What you are asked to do | Make an exact transcript of the lines in the data below, starting with the one containing "Smoant VIKII (black) электронная сигарета" and going on through the one containing "Pillah Constructions", with both included and the pictures left out.
*** Information given ***
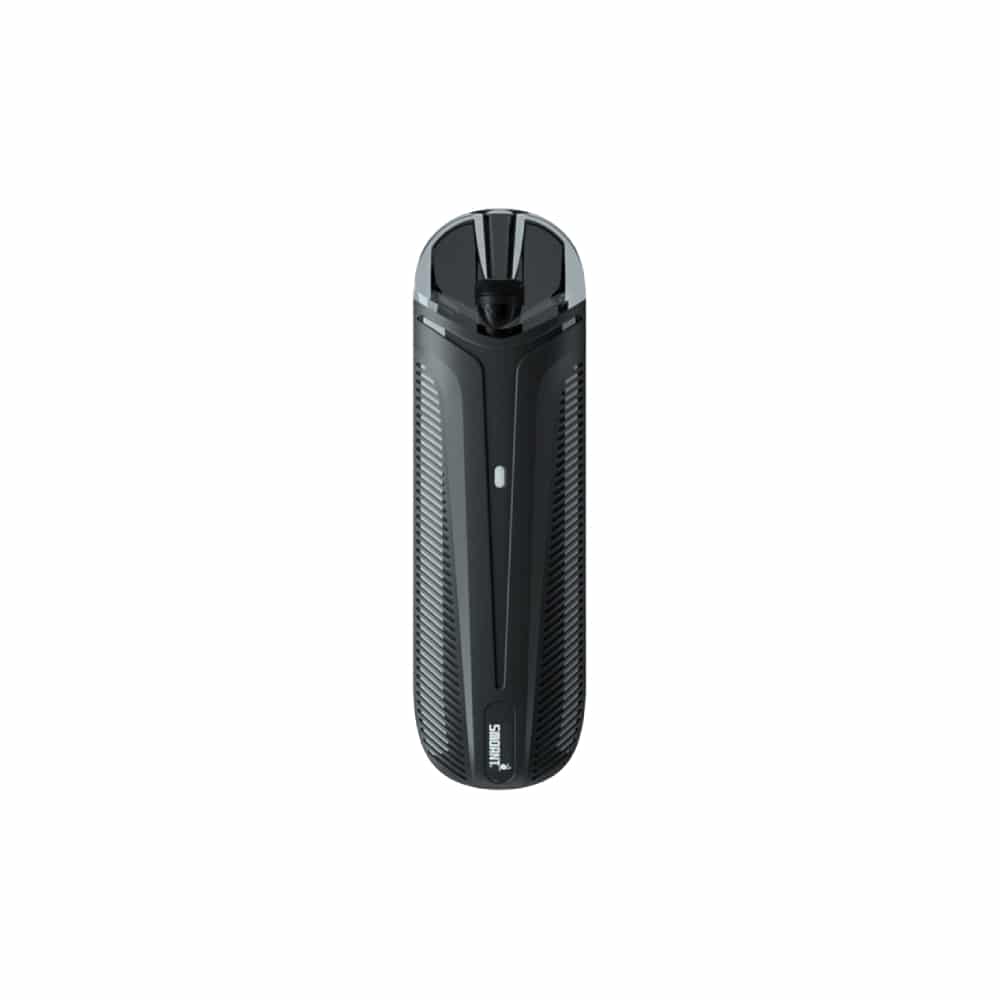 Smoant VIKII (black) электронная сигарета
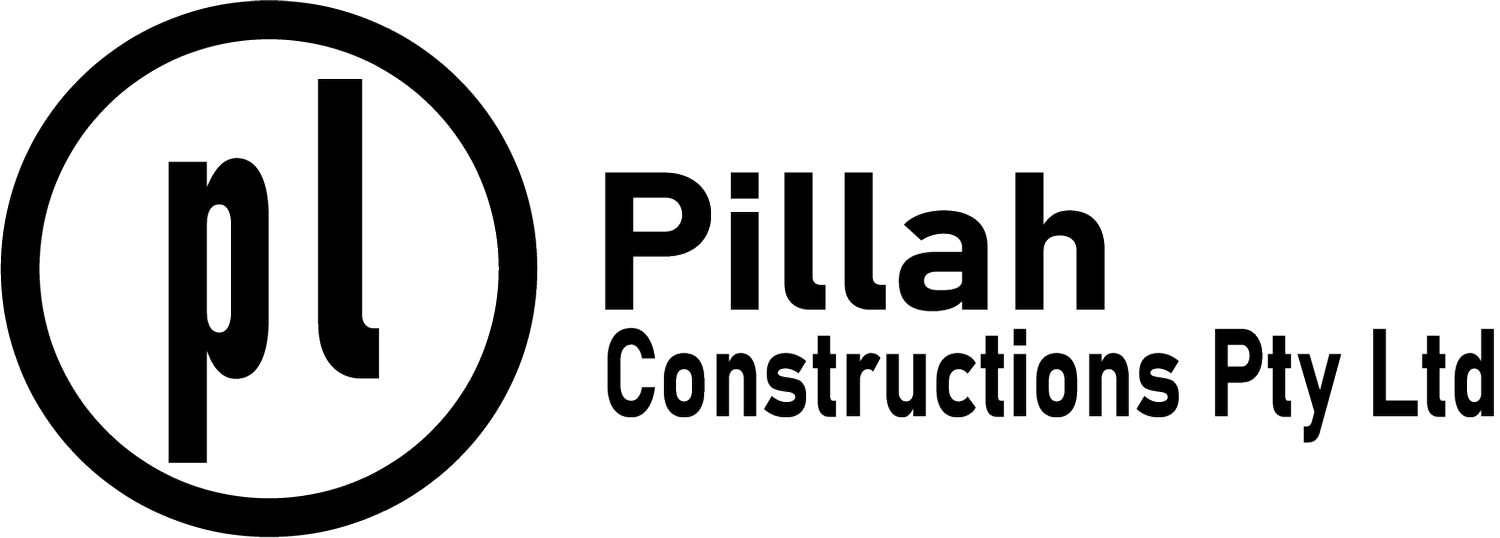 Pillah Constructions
*** End of Information given ***
*** Information given ***
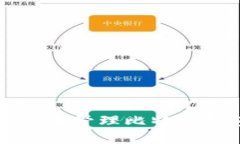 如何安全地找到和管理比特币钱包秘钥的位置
*** End of Information given ***
Task response |
 Smoant VIKII (black) электронная сигарета
 Pillah Constructions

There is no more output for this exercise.